Me: What inspirational words do you have for aspiring filmmakers?
|Up the Trail Page 2|
Bretney: Same rules apply except you have to use a camera. The job is tougher because you are managing a lot more moving parts. You have to have a plan for sound, vision, people and EDITING you have to pay some of them and if you are going to hold them over even the free workers, you have to feed them. Don’t be afraid to start small and use the tools that you have. Some people don’t have a Cannon T2i, but you have a camera on your phone. You may not have Final Cut but you have Windows movie maker. You don’t have a distribution deal with Sony or Disney, but you have YouTube channel.
Philip DeFranco has a full time staff and all he does is talk into his camera. You have to be a rebel. You have to think outside the box. You have a lot more problems than a comic artist but your payoff is bigger. At a minimum you are working with actors. That’s always cool. Go to Hollywood. And if you are in Hollywood and you don’t want to live inside your car, don’t be afraid to be someone’s assistant. I have an actress friend who started out as a writing assistant now she works on Grey’s Anatomy. It’s like anything else. You have to stick with it. Filmmakers make student films. Student films turn into Commercial gigs from advertising agencies. Then movies and TV. You don’t have to go to Film School. I don’t recommend it. I recommend volunteering on sets until someone hires you because they like you. Don’t quit. That’s all.
Me: What is a big challenge you find yourself facing in the comic book business?
Bretney: The biggest challenge for us and our company is finding our audience. Every story has an audience or genre. We find that most stories in popular culture are not the best stories but the best marketed stories. Some of these stories, marketed by multi-billion dollar corporations over decades, have established themselves into our culture. For new creators, the challenge is how do you market your intellectual property on a shoe string in such an environment? We have decided on word of mouth, reaching out to opinion makers (bloggers, vloggers and podcasters) such as yourself to make our case to the market.

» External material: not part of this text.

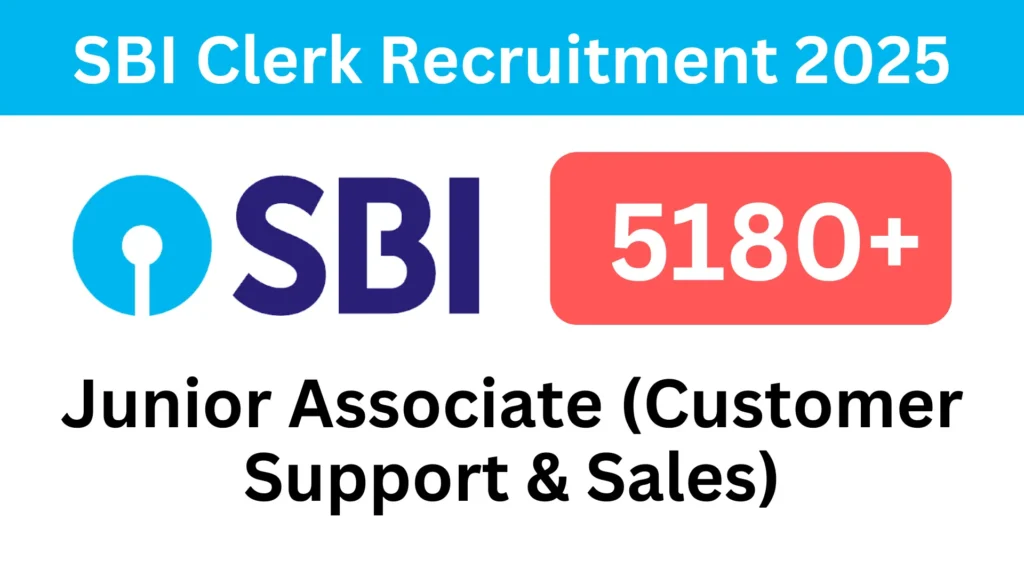 SBI Clerk Recruitment
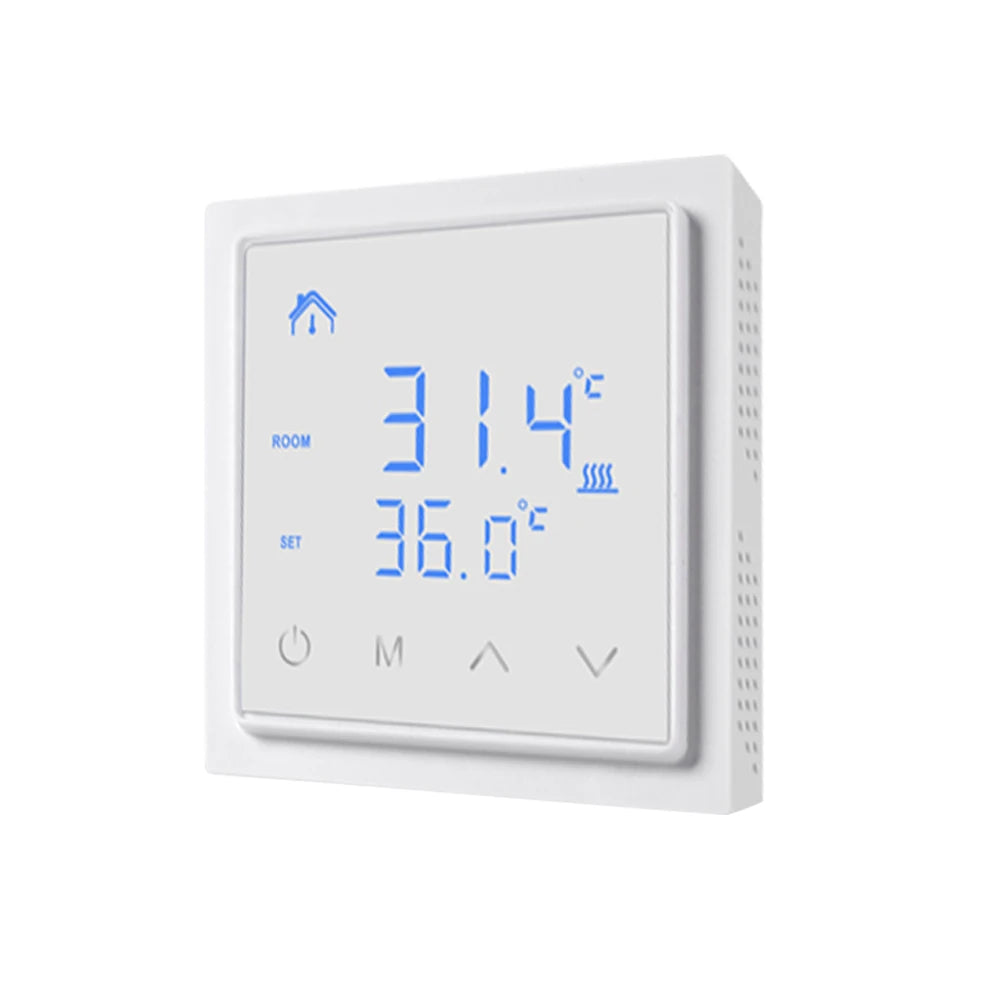 Smart Panel Digital Display Thermostat Home Floor Heating Temperature Control Heating Controller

Word of mouth means delivering a consistent high quality product at a steady volume. We wrapped up Kursk in the Spring. We will wrap Blaze of Glory in the summer. Up the Trail is ongoing and we will be introducing a new story line – Call Me Robby – in the fall with a highly stylized art design. Call Me Robby is a psychologically thriller about an Iraq War veteran coming home and battling mental illness. We have taken on a lot of debt to deliver Kursk and Blaze of Glory, thus I have had to scale back the delivery schedules for Up the Trail and Call Me Robby. It also means I have to repay that debt.
But the advantage of having completed a story with a complete arc is that people get to see what you are about and what you can do. Rodolfo of Lucha Comics is turning to Kickstarter to drum up business for print run pre-sales. But we have on-going discussions on how best to create relationships with new customers. Is it giving away product in a web-comic or download format? Is partnering with other creators at comic conventions? And if there is one critique that I must change with my own company is that I have to have a bigger involvement in the local convention and comic book stores. There are quite a few comic book conventions local to Houston. There is a comic book shop local to me that I go to every week – Bedrock City in Houston. I have to do something to introduce myself and my products. Hard to do when again on a shoe string and hobbled by debt.
Me: Thank you for your time, the kind sentiment and your service James! Best of luck with Up the Trail and your future writing and film making endeavors.